Ce qui l’est un peu plus, propre à TF1, c’est que ce lien déborde les cadres du programme, il s’agit, comme pour les musées, d’un lien au média, à l’institution diffusant le contenu culturel, qui se prolonge au-delà du seul programme. Je me suis ainsi surpris à suivre à peu près intégralement la page de pub qui a suivi la finale de Masterchef, encore dans un rapport de participation : si avoir l’impression de toucher les objets reste dans sa force assez exceptionnelle, je suivais les histoires que racontaient les pubs, jouant le jeu que chacune d’elles proposait. Je ne sais plus de quoi elles traitaient, mais si les pubs tendent à proposer ce rapport de participation dans leur seul temps imparti, il fonctionne bien mieux mis en relation avec d’autres programmes qui, comme le disait Le Lay, visent à leur fournir du « temps de cerveau disponible ».

Le lien aux institutions culturelles prime généralement sur celui à chaque contenu proposé. Il est d’usage d’en dire la même chose à l’égard des chaînes de télé, il y aurait des spectateurs de TF1, de M6 ou d’Arte qui regarderaient un peu tout ce que leur proposerait leur chaîne favorite. Cependant, le rapport à un contenu précis, basé sur son concept, son sujet et/ou son dispositif, est particulièrement important dans une perspective d’adhésion et, pour les chaînes de télé, de retombées publicitaires. Si l’on reste dans ce rapport-là, souvent donc je le répète très valorisé dans le milieu culturel (je travaille là-dessus en ce moment, c’est pour ça…), le « temps de cerveau disponible » exprime cyniquement ce que son complexe montre : dans une adhésion participative des spectateurs à un contenu culturel, il y a un lien de confiance qui se crée entre le spectateur et le média qui peut être investi de diverses manières par l’institution. TF1 a choisi la pub, l’institution muséale sur laquelle je travaille aurait pu proposer des objets à vendre à la sortie de l’expo – ce qu’elle regrette peut-être, mais il semblerait que lorsque ce n’est pas le cas une forme de respect, une reconnaissance, une réputation, est favorisée.

Disons que c’est toujours rentable de prendre les gens pour des cons une fois que les conditions de la participation sont respectées, mais il y a des choses qui ne s’achètent pas et qui coûtent néanmoins de l’argent, un certain manque à gagner.

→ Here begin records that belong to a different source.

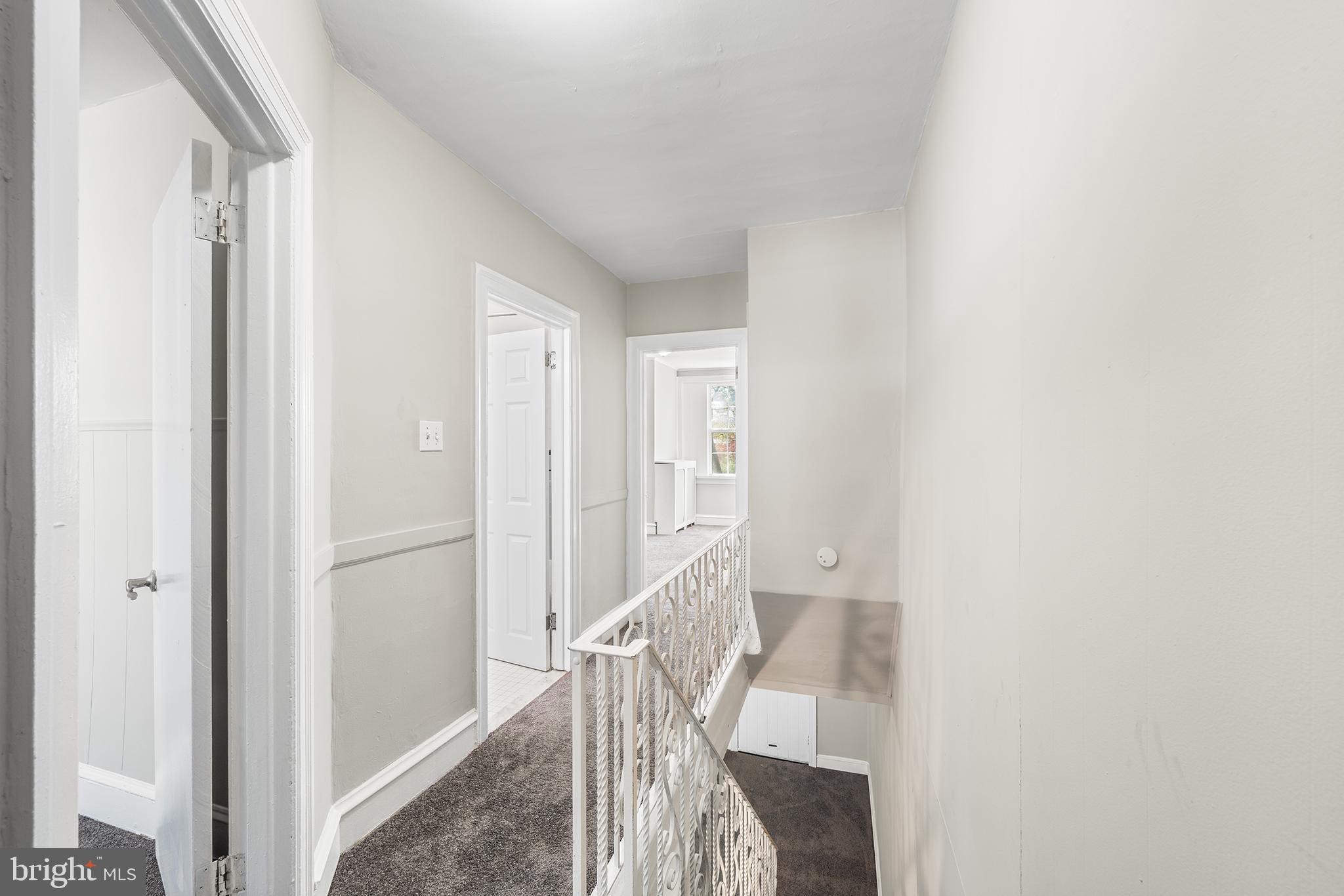 309 Sanford Road Upper Darby, PA 19082 - Photo 15 of 21 a view of a hallway with wooden floor and entryway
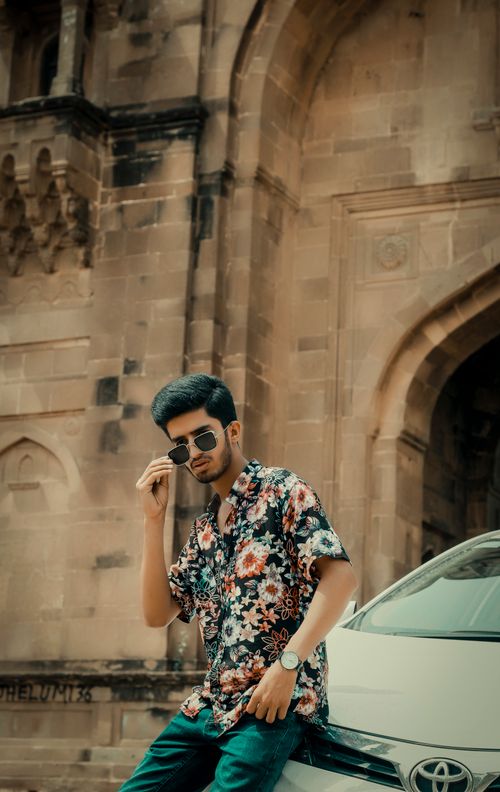 Free A fashionable young man in a floral shirt posing with sunglasses by a historical building and a car. Stock Photo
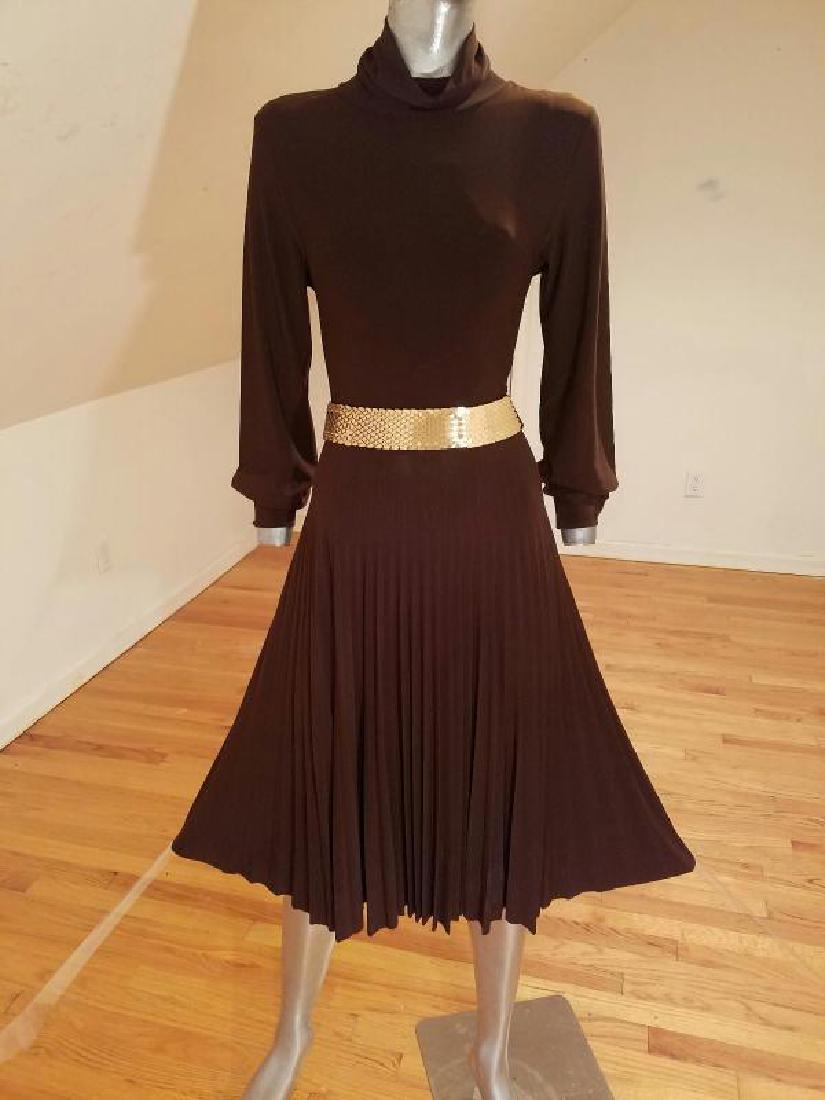 Vtg Jersey knit cocoa dress pencil pleated: This is a beauty in brown cocoa thin fine knit and lycra fabric high neckline and a bit of peasant puffed sleeves. The skirt is fluid pencil pleated. I have added this 1960's gold elastic metal belt j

Le complexe du temps de cerveau disponible est plus courant, plus vaste, et peut-être un peu plus fin, que ce qui en est généralement dit. Son ressort principal est la participation en termes de tactilité et de récits : on coupe pour ainsi dire la main du spectateur et sa capacité de produire des histoires pour qu’il les retrouve à travers la participation dans sa relation à ce qui lui est présenté. C’est là un rapport médiatique typiquement moderne (comme le montre une thèse en passe d’être soutenue à Paris 8, qui s’attache en particulier à analyser l’architecture lisboète).

Si l’on veut lutter contre ce complexe, il ne s’agit pas simplement, à mon sens, de supprimer la publicité, et autres relations commerciales. Après tout c’est là un mode d’investissement de la relation de confiance parmi d’autres, qui repose sur des choix institutionnels de rapport aux publics. Il faut plutôt penser autrement la participation, ce qui amène à imaginer d’autres types de contenus culturels, en termes de sujet mais surtout en termes de forme, de dispositif, ainsi que d’autres médias, c'est-à-dire, si ce ne sont d’autres institutions, du moins d’autres techniques de médiation.